We've had this happen reasonably constantly. Right now, there are 4 jobs hung at that test. Could we please debug what's going on here and fix it? https://build.gluster.org/job/netbsd7-regression/165/consoleFull https://build.gluster.org/job/netbsd7-regression/164/consoleFull https://build.gluster.org/job/netbsd7-regression/150/consoleFull https://build.gluster.org/job/netbsd7-regression/142/consoleFull If you need information from the machines when they're hung, please let me know and I can fetch it.

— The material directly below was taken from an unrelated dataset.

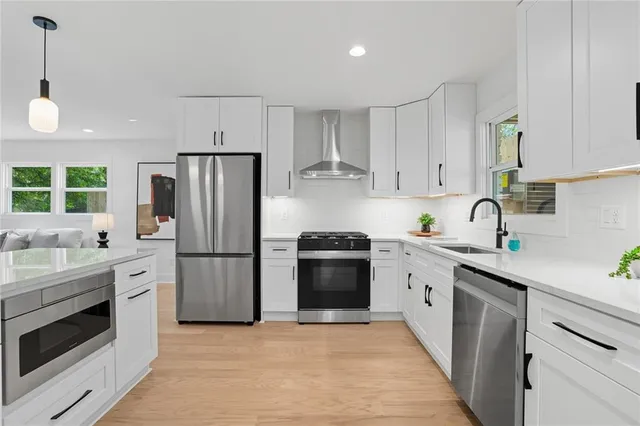 a kitchen with stainless steel appliances and white cabinets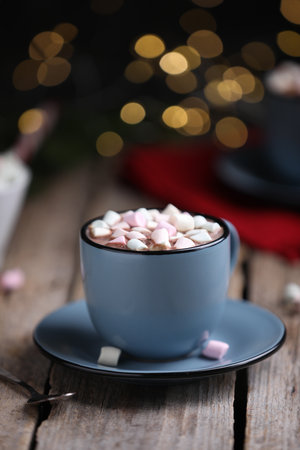 Tasty cocoa with marshmallows on wooden table against blurred Christmas lights, closeupの写真素材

Created attachment 1193298 [details] ps-axl Output of ps-axl
From the log: [2016-08-23 09:53:20.6N]:++++++++++ G_LOG:./tests/features/lock_revocation.t: TEST: 34 glusterd ++++++++++ [2016-08-23 09:53:25.6N]:++++++++++ G_LOG:./tests/features/lock_revocation.t: TEST: 35 pidof glusterd ++++++++++ [2016-08-23 09:53:25.6N]:++++++++++ G_LOG:./tests/features/lock_revocation.t: TEST: 36 gluster --mode=script --wignore volume create patchy replica 2 nbslave7g.cloud.gluster.org:/d/backends/brick0 nbslave7g.cloud.gluster.org:/d/backends/brick1 ++++++++++ [2016-08-23 09:53:25.6N]:++++++++++ G_LOG:./tests/features/lock_revocation.t: TEST: 37 gluster --mode=script --wignore volume set patchy self-heal-daemon off ++++++++++ [2016-08-23 09:53:26.6N]:++++++++++ G_LOG:./tests/features/lock_revocation.t: TEST: 38 gluster --mode=script --wignore volume set patchy features.locks-monkey-unlocking on ++++++++++ [2016-08-23 09:53:26.6N]:++++++++++ G_LOG:./tests/features/lock_revocation.t: TEST: 39 gluster --mode=script --wignore volume set patchy features.locks-revocation-secs 2 ++++++++++ [2016-08-23 09:53:27.6N]:++++++++++ G_LOG:./tests/features/lock_revocation.t: TEST: 40 gluster --mode=script --wignore volume start patchy ++++++++++ [2016-08-23 09:53:29.6N]:++++++++++ G_LOG:./tests/features/lock_revocation.t: TEST: 41 glusterfs --attribute-timeout=0 --entry-timeout=0 --volfile-id=patchy -s nbslave7g.cloud.gluster.org /mnt/glusterfs/0 ++++++++++ [2016-08-23 09:53:29.6N]:++++++++++ G_LOG:./tests/features/lock_revocation.t: TEST: 42 glusterfs --attribute-timeout=0 --entry-timeout=0 --volfile-id=patchy -s nbslave7g.cloud.gluster.org /mnt/glusterfs/1 ++++++++++ [2016-08-23 09:53:29.6N]:++++++++++ G_LOG:./tests/features/lock_revocation.t: TEST: 46 SUCCESS monkey_unlock ++++++++++ [2016-08-23 09:53:43.6N]:++++++++++ G_LOG:./tests/features/lock_revocation.t: TEST: 50 append_to_file /mnt/glusterfs/1/testfile ++++++++++
I took a look at one of the NetBSD machines. There was a umount process that was hung and saw a dd also hung at the same time. The test however is not doing anything obviously wrong. As of now, I suspect it to be a bug in Gluster code rather than in the infra or the test. I will update again tomorrow after looking into the stack of brick and mount process.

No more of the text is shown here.